*** Block opens ***

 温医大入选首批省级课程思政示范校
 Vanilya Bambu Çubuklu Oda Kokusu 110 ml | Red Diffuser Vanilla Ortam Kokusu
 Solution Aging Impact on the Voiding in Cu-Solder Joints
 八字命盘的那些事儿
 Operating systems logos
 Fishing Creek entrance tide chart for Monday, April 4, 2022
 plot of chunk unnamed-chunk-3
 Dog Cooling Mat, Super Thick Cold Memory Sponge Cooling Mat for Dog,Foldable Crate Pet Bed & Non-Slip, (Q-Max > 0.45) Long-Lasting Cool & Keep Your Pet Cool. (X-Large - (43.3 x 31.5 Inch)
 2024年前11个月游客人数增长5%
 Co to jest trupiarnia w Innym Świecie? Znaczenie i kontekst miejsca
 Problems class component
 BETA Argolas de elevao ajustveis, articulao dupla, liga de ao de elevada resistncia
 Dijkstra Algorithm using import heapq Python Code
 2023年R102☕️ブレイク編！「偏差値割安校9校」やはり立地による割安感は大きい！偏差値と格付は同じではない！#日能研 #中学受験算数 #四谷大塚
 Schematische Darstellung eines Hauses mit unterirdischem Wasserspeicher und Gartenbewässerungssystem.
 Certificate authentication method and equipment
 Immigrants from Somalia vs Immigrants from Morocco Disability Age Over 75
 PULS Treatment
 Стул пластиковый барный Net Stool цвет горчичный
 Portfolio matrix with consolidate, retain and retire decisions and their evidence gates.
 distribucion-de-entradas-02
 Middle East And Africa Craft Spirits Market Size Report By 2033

*** Block closes ***

• [Instructions to follow]: Start with the line above that contains "plot of chunk unnamed-chunk-3" and end with the line that contains "Co to jest trupiarnia". Write out those lines exactly, and only those.

• [Solution for this exercise]:
 plot of chunk unnamed-chunk-3
 Dog Cooling Mat, Super Thick Cold Memory Sponge Cooling Mat for Dog,Foldable Crate Pet Bed & Non-Slip, (Q-Max > 0.45) Long-Lasting Cool & Keep Your Pet Cool. (X-Large - (43.3 x 31.5 Inch)
 2024年前11个月游客人数增长5%
 Co to jest trupiarnia w Innym Świecie? Znaczenie i kontekst miejsca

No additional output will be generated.